As an example, in an Arduino, whenever the USART subsystem receives a byte from the serial line, the CPU execution is redirected to the “USART_RX interrupt vector”, which is a predefined memory address containing the ISR to handle the byte received.
Only after the ISR returns that the interrupted computation resumes.

ISRs are often associated with a high-priority functionality that cannot wait long.
Complementing the USART example, if the execution of the ISR is too much delayed, some received bytes can be lost.

Likewise, the execution of an ISR should never take long, because other interrupts will not trigger in the meantime (although it is possible to nest ISRs).
For this reason, a typical USART ISR simply stores received bytes in a buffer so that the program can handle them afterwards.

ISRs in Céu:

Céu has primitive support for ISRs, which are declared similarly to functions.
However, instead of a name identifier, an ISR declaration requires a number that refers to the index in the interrupt vector for the specific platform.

When an interrupt occurs, not only the ISR executes, but Céu also enqueues the predefined event OS_INTERRUPT passing the ISR index.
This mechanism allows the time-critical operation associated with the interruption to be handled in the ISR, but encourage non-critical operations to be postponed and respect the event queue, which might already be holding events that occurred before the interruption.

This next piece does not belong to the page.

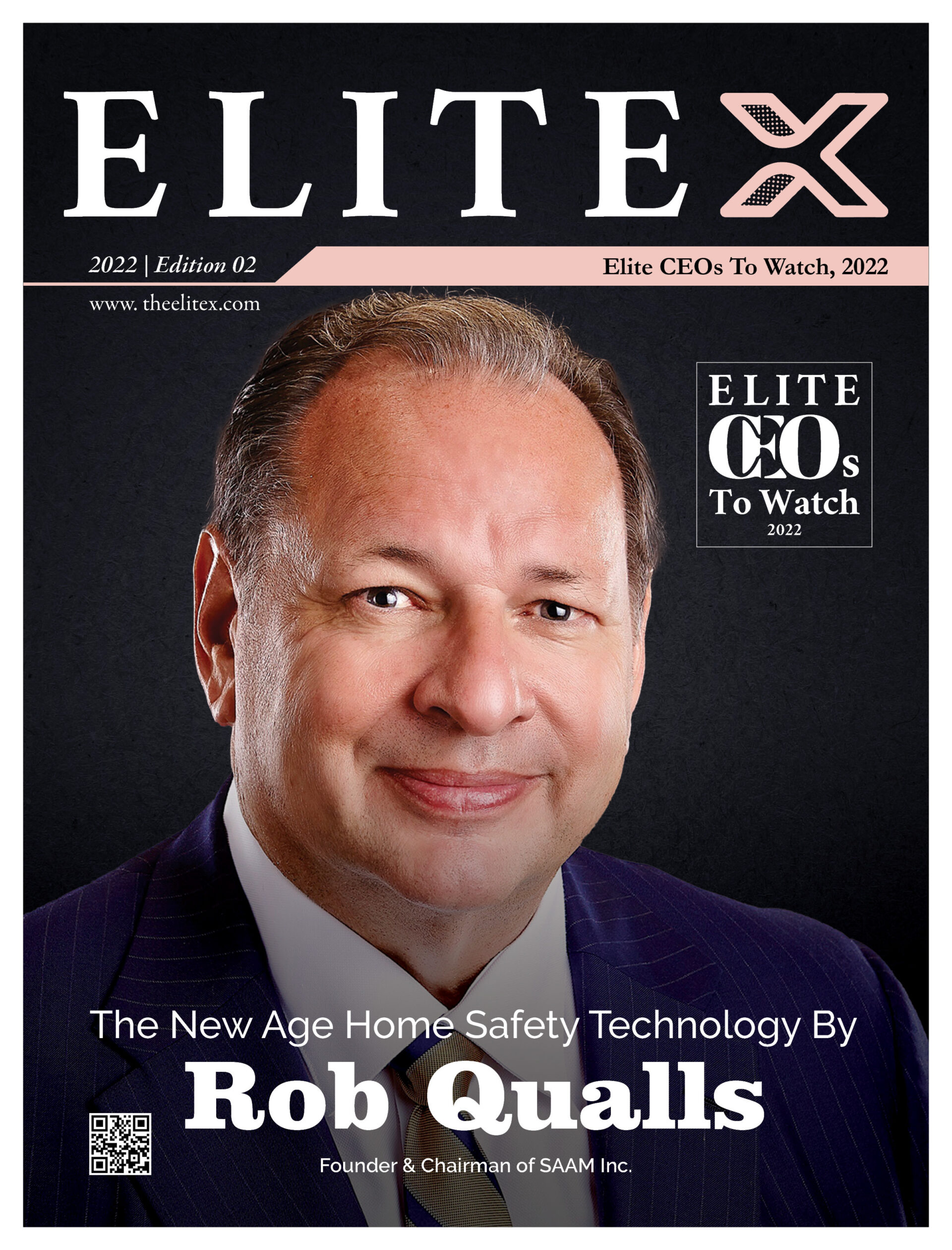 Magazine – Elitex -a Global Business Media & Marketing Solution Platform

The code snippets that follow is part of an USART driver for the Arduino.
The driver emits a READ output event to signal a received byte to other applications (i.e. they are awaiting READ).
The ISR just hold incoming bytes in a queue, while the main body is responsible for signaling each byte to all applications (in a lower priority).

/* variables to manage the buffer */

var byte[SZ] rxs;                   // buffer to hold received bytes
var u8 rx_get;                      // position to get the oldest byte
var u8 rx_put;                      // position to put the newest byte
atomic do
   rx_get = 0;                      // initialize get/put
   rx_put = 0;                      // the `atomic´ block disables interrupts
end

/* ISR for receiving byte (index "20" in the manual) */

function isr[20] do
   var u8 put = (rx_put + 1) % SZ;  // next position
   var byte c = _UDR0;              // receive the byte
   if put != rx_get then            // check buffer space
      rxs[rx_put] = c;              // save the received byte
      rx_put = put;                 // update to the next position
   end
end

/* DRIVER body: receive bytes in a loop */

output byte READ;                    // the driver outputs received bytes to applications

loop do
   var int idx = await OS_INTERRUPT
                 until idx==20;      // USART0_RX_vect

   var byte c;                       // hold the received byte
   ...
      atomic do                      // protect the buffer manipulation new interrupts
         c = rxs[rx_get];            // get the next byte
         rx_get = (rx_get + 1) % SZ; // update to the next position
      end
      emit READ => c;                // signal other applications
   ...
end


 

Note how the real-time/high-priority code to store received bytes in the buffer runs in the ISR, while the code that processes the buffer and signal other applications runs in the body of the driver after every occurrence of OS_INTERRUPT.

Given that ISRs share data with and abruptly interrupt the normal execution body, some sort of synchronization between them is necessary.
As a matter of fact, Céu tracks all variables that ISRs access and enforces all other accesses (outside them, in the normal execution body) to be protected with atomic blocks.

Conclusion:

Céu provides primitive support for handling interrupt requests:

  • An ISR is declared similarly to a function, but specifies the interrupt vector index associated with it.
  • An ISR should only execute hard real-time operations, leaving lower priority operations to be handled in reaction to the associated OS_INTERRUPT event.
  • The static analysis enforces the use of atomic blocks for memory shared between ISRs and the normal execution body.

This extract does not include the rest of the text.